4. Juni 2006

Schiffahrt II: Wind contra Dreckschleudern


Die internationale Frachtschifffahrt gehört heute zu den Hauptverursachern klimarelevanter Emissionen – sie ist eine Dreckschleuder par exellance. Sie emittiert soviel Stickoxide wie die gesamten USA und ist nach dem Strassenverkehr und der Industrie die drittgrößte Quelle klimarelevanter Schadstoffe. Frachtschiffe fahren mit Schweröl. Das minderwertige und extrem schadstoffhaltige Schweröl ist eine zähflüssige Masse, die als Abfallprodukt bei der Erdölverarbeitung in den Raffinerien zurück bleibt.
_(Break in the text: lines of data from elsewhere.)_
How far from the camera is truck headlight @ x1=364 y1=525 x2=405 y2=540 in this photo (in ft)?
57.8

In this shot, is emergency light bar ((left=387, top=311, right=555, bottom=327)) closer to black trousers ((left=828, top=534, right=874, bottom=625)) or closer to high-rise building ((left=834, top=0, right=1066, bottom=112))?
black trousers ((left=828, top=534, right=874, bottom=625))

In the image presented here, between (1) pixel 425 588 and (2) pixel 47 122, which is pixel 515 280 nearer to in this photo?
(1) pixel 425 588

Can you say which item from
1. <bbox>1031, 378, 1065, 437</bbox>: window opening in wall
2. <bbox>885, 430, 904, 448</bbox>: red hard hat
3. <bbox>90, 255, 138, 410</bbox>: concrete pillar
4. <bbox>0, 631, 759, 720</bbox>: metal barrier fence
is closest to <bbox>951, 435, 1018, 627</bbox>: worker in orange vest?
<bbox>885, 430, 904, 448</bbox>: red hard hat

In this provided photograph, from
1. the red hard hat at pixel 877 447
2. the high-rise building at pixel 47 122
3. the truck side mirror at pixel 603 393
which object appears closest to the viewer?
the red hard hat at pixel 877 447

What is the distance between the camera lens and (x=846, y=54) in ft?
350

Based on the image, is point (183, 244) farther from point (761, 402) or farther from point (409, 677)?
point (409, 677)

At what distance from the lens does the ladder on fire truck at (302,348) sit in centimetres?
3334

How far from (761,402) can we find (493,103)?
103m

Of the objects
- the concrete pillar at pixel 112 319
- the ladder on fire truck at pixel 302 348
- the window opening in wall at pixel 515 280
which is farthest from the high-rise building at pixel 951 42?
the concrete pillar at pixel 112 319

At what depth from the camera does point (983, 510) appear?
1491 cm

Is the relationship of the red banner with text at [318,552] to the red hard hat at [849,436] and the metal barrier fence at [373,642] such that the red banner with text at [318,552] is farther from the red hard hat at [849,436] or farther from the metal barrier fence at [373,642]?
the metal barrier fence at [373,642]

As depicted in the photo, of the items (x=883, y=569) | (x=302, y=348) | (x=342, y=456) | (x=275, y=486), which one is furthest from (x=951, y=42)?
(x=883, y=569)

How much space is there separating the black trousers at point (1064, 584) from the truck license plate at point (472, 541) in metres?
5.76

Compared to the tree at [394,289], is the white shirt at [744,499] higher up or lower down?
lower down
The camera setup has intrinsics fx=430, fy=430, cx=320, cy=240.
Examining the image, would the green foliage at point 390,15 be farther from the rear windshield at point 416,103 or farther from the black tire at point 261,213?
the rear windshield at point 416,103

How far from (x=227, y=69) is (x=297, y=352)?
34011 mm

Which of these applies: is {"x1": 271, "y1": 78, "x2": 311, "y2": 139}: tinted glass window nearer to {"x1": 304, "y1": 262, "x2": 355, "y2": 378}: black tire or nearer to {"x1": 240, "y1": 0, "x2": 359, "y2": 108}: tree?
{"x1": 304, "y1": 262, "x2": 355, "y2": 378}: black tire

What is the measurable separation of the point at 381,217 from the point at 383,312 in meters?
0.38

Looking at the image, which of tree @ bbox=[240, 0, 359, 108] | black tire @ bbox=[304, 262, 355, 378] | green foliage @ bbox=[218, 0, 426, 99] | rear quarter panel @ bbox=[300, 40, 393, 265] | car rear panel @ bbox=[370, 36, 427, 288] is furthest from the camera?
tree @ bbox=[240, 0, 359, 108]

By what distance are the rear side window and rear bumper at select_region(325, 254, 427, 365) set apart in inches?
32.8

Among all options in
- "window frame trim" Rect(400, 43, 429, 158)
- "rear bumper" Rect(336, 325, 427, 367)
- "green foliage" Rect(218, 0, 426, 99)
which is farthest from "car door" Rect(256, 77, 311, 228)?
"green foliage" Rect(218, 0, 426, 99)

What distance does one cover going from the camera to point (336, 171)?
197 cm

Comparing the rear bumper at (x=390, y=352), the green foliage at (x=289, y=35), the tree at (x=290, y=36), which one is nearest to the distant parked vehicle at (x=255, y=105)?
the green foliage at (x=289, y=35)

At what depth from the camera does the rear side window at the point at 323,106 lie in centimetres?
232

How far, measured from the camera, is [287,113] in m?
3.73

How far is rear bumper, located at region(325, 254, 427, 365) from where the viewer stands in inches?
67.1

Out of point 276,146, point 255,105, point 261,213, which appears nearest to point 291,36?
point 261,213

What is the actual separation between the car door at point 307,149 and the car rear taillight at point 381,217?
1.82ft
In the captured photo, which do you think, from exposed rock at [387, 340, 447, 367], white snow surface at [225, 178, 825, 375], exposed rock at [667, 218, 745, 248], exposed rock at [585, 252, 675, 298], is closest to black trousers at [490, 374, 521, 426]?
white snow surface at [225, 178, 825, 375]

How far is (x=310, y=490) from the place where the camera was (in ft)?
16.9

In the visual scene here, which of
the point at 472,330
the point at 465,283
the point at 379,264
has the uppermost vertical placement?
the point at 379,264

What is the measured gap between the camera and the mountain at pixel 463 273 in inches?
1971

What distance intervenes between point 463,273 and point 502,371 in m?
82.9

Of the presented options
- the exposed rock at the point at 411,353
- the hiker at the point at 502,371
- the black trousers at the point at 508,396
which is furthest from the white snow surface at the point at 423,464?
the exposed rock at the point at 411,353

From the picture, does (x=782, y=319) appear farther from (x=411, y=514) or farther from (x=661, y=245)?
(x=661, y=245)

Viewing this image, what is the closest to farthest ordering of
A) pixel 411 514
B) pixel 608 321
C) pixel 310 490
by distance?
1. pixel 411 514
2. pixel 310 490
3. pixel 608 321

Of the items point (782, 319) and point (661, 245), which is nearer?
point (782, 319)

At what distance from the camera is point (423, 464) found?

Die Welthandelsflotte setzte sich Anfang 2001 aus rund 41.000 Fracht- und Passagierschiffen (über 300 BRZ) zusammen, darunter rund 10.000 Tanker, 6.000 Schiffe für trockene Massengüter, 2.600 Containerschiffe, 18.000 Stückgut- und Roll-on-Roll-off-Frachter, 2.500 kombinierte Fracht-Passagierschiffe und Fähren sowie 1.500 reine Fahrgastschiffe.

Soweit die Eckdaten. Der Weg, diese Dreckschleudern zu bändigen, führt nur übers Portmonnaie. Oel ist teuer, wird immer teurer. Zudem drohen den Reedereien emissionsabhängige Abgaben, die zwar nicht morgen, aber sicher übermorgen kostenwirksam sein werden.

Das wohl billigste Mittel, diesen enormen Oelverbrauch zu reduzieren, ist Väterchen Wind. Dieser Prämisse hat sich die Hamburger Firma SkySails verschrieben und in den letzten fünf Jahren an einem komplett neuen Zugdrachen-Windantriebssystem geforscht. Die SkySails-Technologie unterscheidet sich von konventionellen Segelsystemen darin, dass der Zugdrachen durch nur ein Zugseil mit dem Schiff verbunden ist und auf einer Höhe von 200-300 m dem Wind ausgesetzt wird. In dieser Höhe sind die Windkräfte dank der geringeren Reibung mit der Erd- bezw. Wasseroberfläche 10-20% stärker als auf Deckshöhe bei konventionellen Segelschiffen. Und: Die höhere Windgeschwindigkeit ist deshalb besonders relevant, weil sie in Gleichung zur Berechnung der Zugkraft von Zugdrachen im Quadrat einfliesst. Eine um 15% höhere Windgeschwindigkeit bedeutet folglich bei diesem System eine Erhöhung der Zugkraft um über 30%.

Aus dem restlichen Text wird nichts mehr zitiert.